Required work:
An exact copy of every entry is the answer here, with no pictures.

Data excerpts:
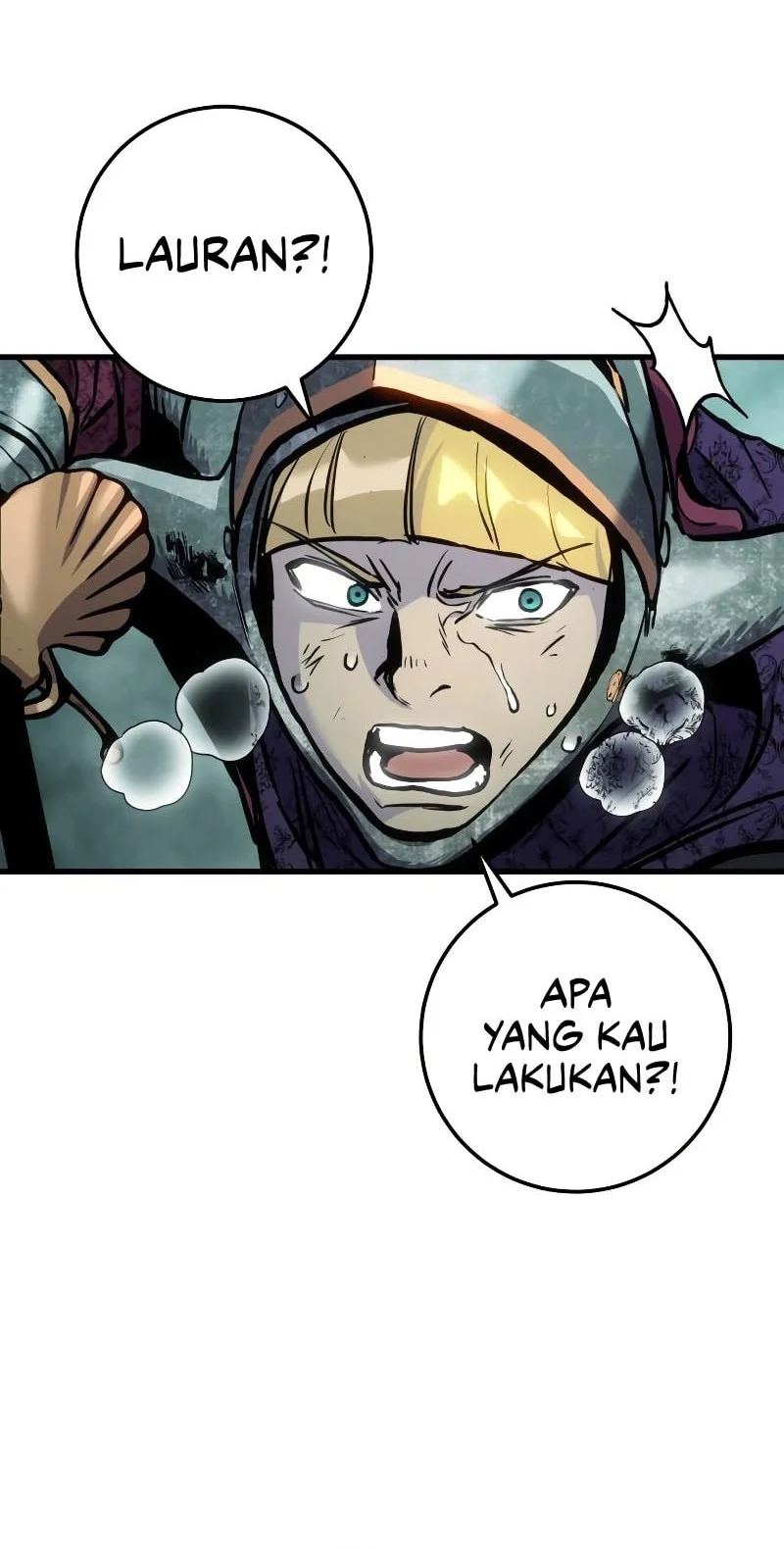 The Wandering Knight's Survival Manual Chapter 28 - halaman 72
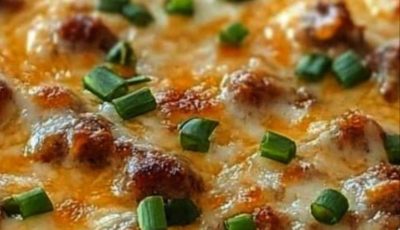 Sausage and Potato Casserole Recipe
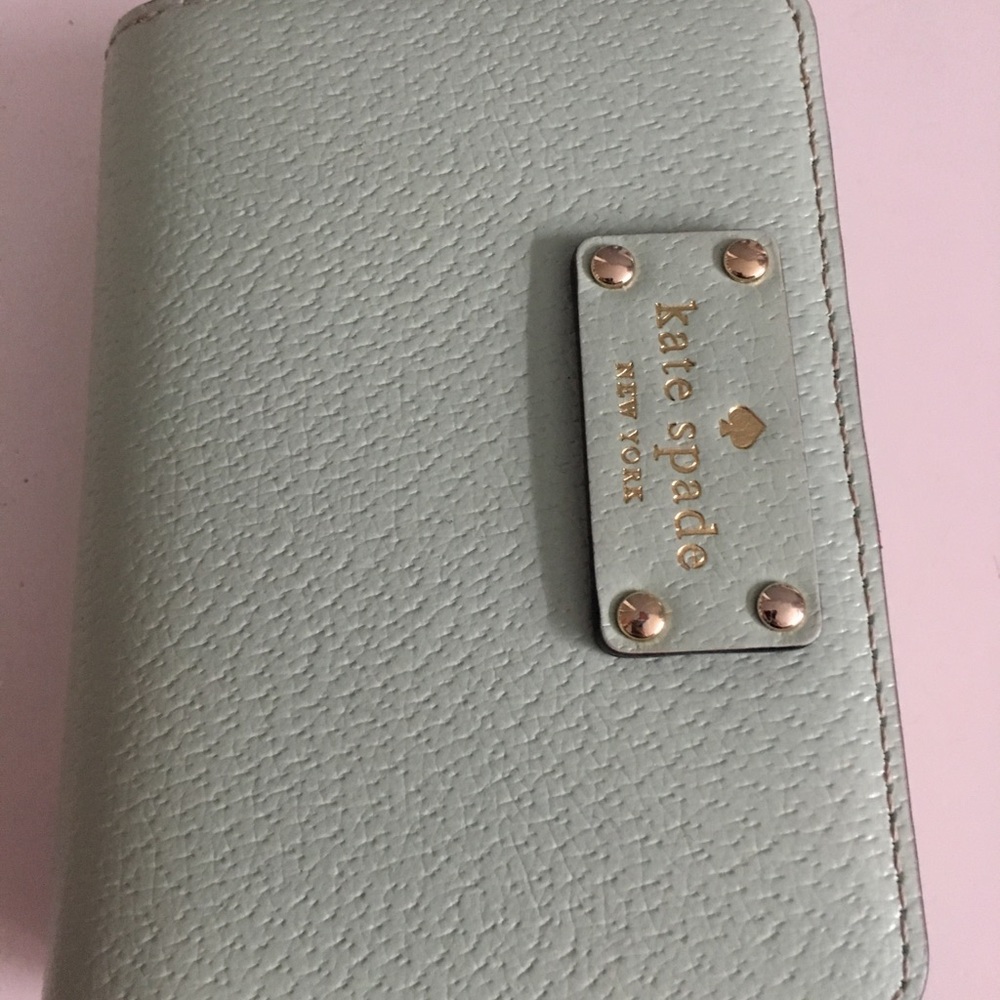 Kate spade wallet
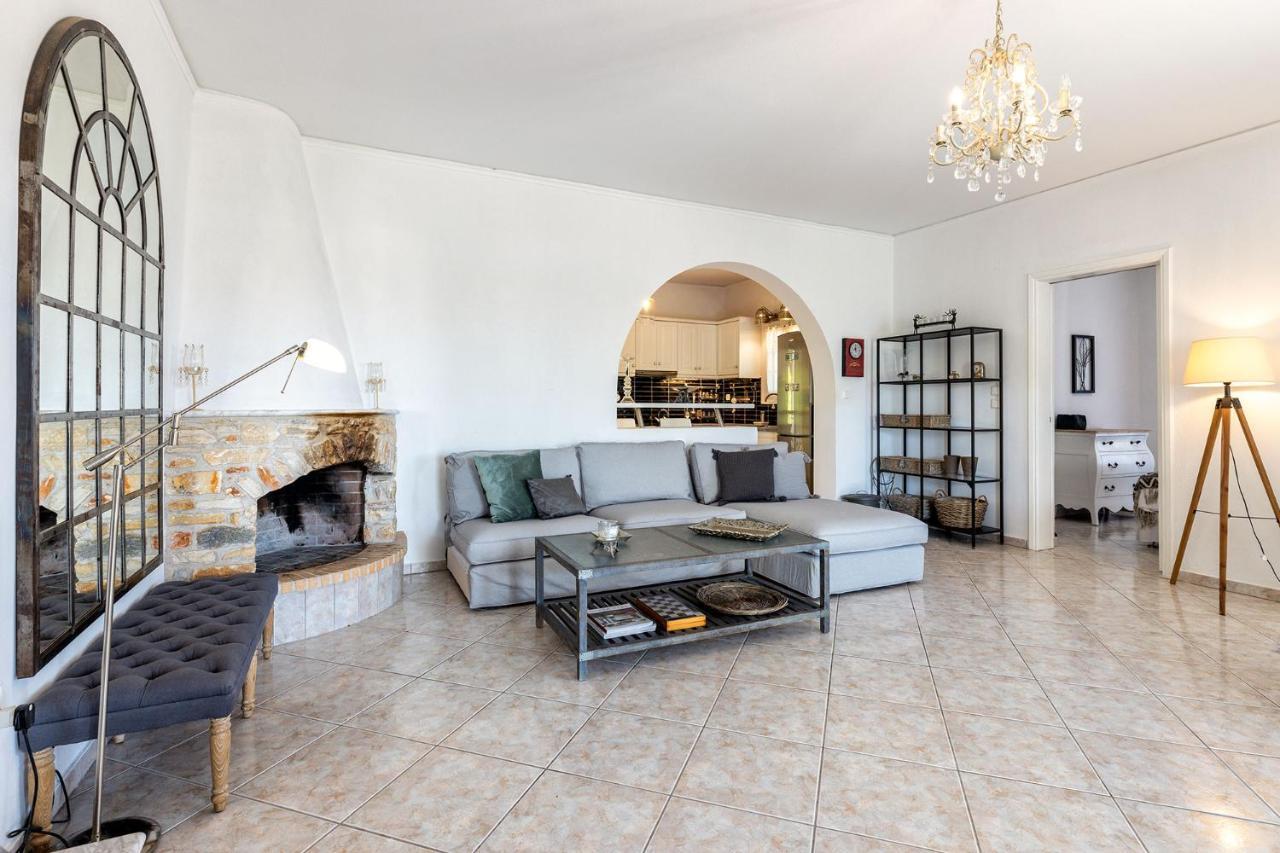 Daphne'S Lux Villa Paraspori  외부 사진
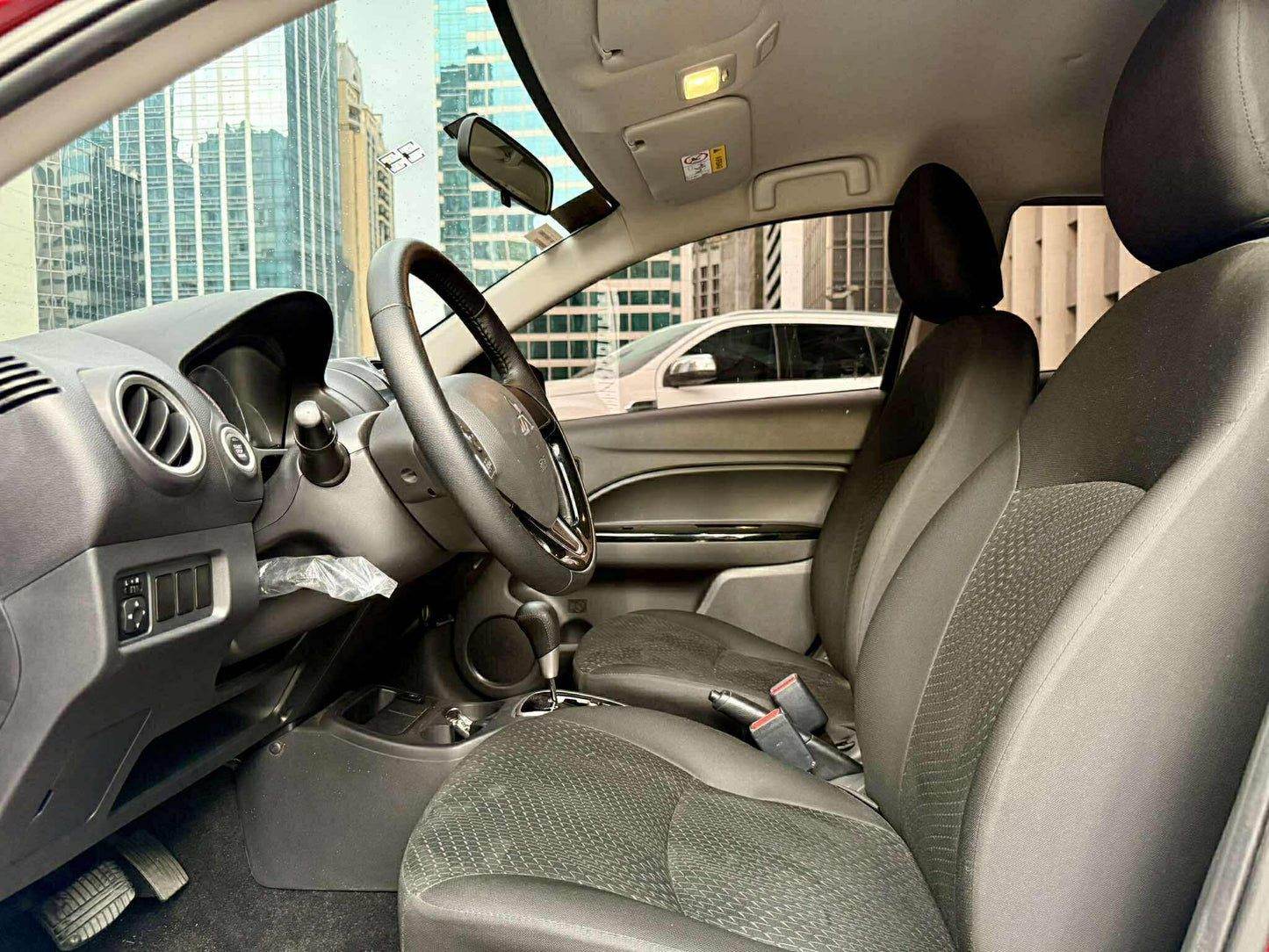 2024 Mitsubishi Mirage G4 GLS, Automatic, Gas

Task result:
 The Wandering Knight's Survival Manual Chapter 28 - halaman 72
 Sausage and Potato Casserole Recipe
 Kate spade wallet
 Daphne'S Lux Villa Paraspori  외부 사진
 2024 Mitsubishi Mirage G4 GLS, Automatic, Gas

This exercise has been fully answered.